85Face à ce phénomène, différentes actions ont été entreprises par les comités de riego afin d’augmenter les débits de la précieuse ressource. De fait, la mise en place de techniques optimales d’irrigation est pratiquement généralisée à l’ensemble de la vallée. Parallèlement et sous l’impulsion d’une association privée, l’ACAR, l’ensemble des comités œuvre pour la préservation des zones humides, avec des actions de restauration, ou la mise en place de périmètres de protection.
86Ainsi, il semble que la gestion de l’eau soit en train de prendre une dimension nouvelle et déterminante pour l’avenir de l’agriculture dans la vallée du Haut Chama. Longtemps considérée comme un simple outil productif, l’eau est de plus en plus représentée comme un élément naturel qu’il faut préserver et valoriser. Cependant, il est encore difficile de déterminer si ces différentes mesures sont adoptées parce qu’elles convergent avec une meilleure rentabilité des systèmes d’irrigation, et donc de l’exploitation, où si les producteurs s’orientent vers des pratiques plus durables. Une étude en cours permettra de répondre à ce questionnement.

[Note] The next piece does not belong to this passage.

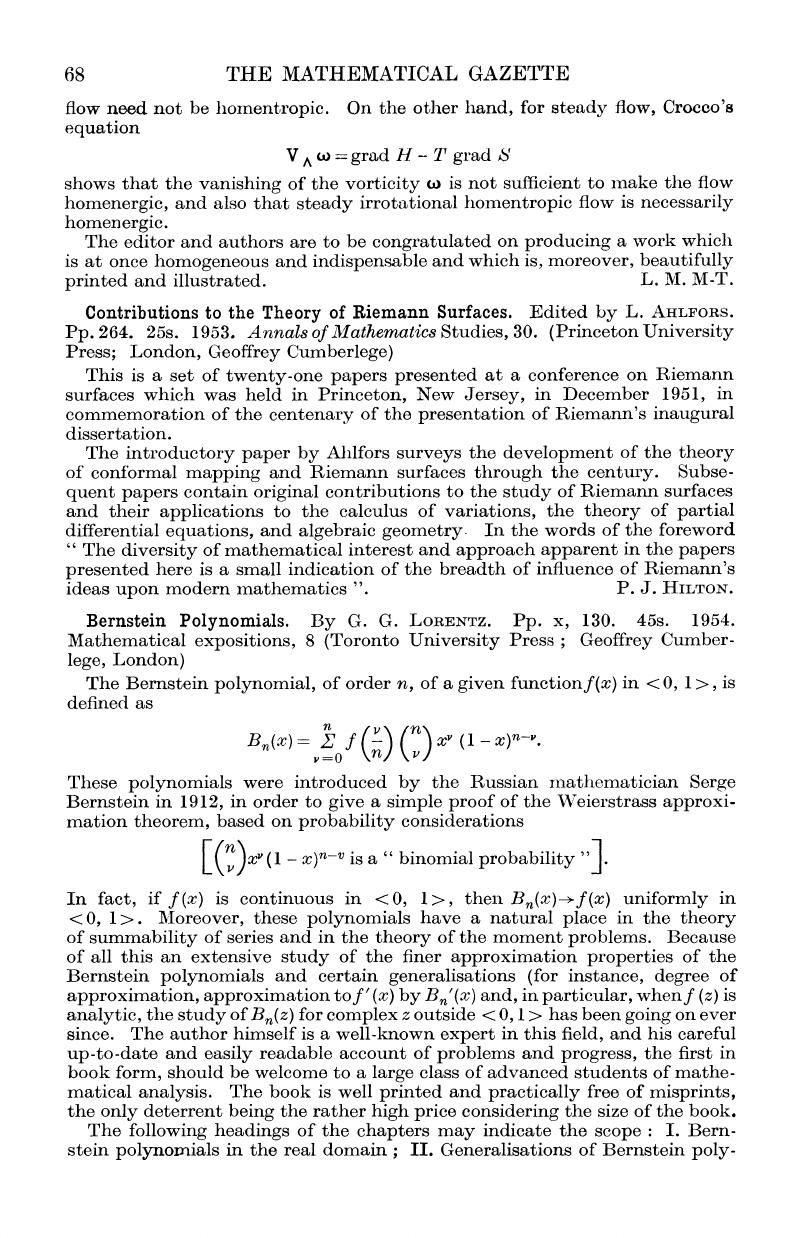 Bernstein Polynomials By G G Lorentz Pp X 130 45s 1954 Mathematical Expositions 8 Toronto University Press Geoffrey Cumberlege London The Mathematical Gazette Cambridge Core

87La conduite de nos études ainsi que la préparation de cet article sont rendues possibles par le financement du Projet PICS CNRS « Mutations des montagnes tropicales et environnement : les vulnérabilités liées à l’eau dans les Andes vénézuéliennes ». De même nous remercions l’Ambassade de France au Venezuela, en coopération avec l’Asociación Venezolano Francesa en Ciencias Sociales y Humanidades “Jeannette Abouhamad”, dénommée CISHFRAVEN et l’Institut de Hautes Etudes de l’Amérique latine, Université Sorbonne-Nouvelle/Paris 3 pour avoir financé et attribué le PRIX LUIS CASTRO LEIVA 2011 à David Leroy. Enfin, nous remercions l’Université des Andes de Mérida (U.L.A) ainsi que l’ensemble des agriculteurs de la Vallée du Haut Chama.